Kritik zu Neneh Superstar
Dünn bleiben ist ihr kleinstes Problem: Als einziges schwarzes Mädchen in einer blütenweißen Ballettklasse muss die zwölfjährige Neneh gegen Tradition und Vorurteile antanzen
»Schneewittchen ist weiß!«, sagt Marianne, die Leiterin der Ballettschule, kategorisch, als es um die Besetzung einer Schulaufführung geht. Merkwürdig, dass Neneh, das einzige schwarze Mädchen in einem blütenweißen Ballettinternat der Pariser Oper, gerade diese sie offen ablehnende Lehrerin so verehrt. Doch zwischen Marianne und der aufmüpfigen Elevin existiert ein geheimes Band.
Das unprätentiöse kleine Drama gehört zum Subgenre von Jugendfilmen, in denen Außenseiter aus den Vorstädten in die heiligen Hallen französischer Hochkultur vordringen. Neneh tanzt in ihrer Freizeit zu Rap, ansonsten aber werden Klischees von Kriminalität und schwierigem Umfeld vermieden. Während ihre Mutter skeptisch ist, genießt die Zwölfjährige die Unterstützung ihres Vaters. »Rassismus gibt es überall, du musst damit klarkommen«, rät er seiner Tochter. Die Konkurrenz der auf Erfolg gedrillten Mädchen aus dem 16. Arrondissement, die sich ständig über Diäten austauschen, ist auch Ausdruck eines Klassenkampfes von oben nach unten.
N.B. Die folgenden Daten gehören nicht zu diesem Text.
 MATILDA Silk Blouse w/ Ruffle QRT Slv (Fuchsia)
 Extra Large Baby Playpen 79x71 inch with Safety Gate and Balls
Daneben werden im praktischen Detail die Überlegungen innerhalb der Institution deutlich gemacht, deren Lehrer zwischen Tradition und Offenheit für Diversität die Balance wahren müssen. Mit anderen Worten: Ihrer Hautfarbe entkommt Neneh nicht. In einem so züchterischen Umfeld diskutiert man ungeniert ihre Morphologie: Werden sich ihre Beinmuskeln in die Länge oder in die Breite entwickeln? Werden ihre Brüste »Granaten« wie die ihrer Mutter? Gespiegelt wird Nenehs Gefühl eines ewigen »Misfits« von Primaballerina Marianne, die eigentlich Myriam heißt, und die in ihrer Hingabe an den Spitzentanz unter Schmerzen ihre Identität begraben hat. Nicht die kleinste Ironie besteht darin, dass Hauptdarstellerin Oumy Bruni Garrel das Adoptivkind zweier prominenter Schauspieler ist, also selbst der Oberschicht angehört. Insgesamt ein Drama mit mehr Tiefe, als man es im Hinblick auf den launigen Titel erwarten durfte.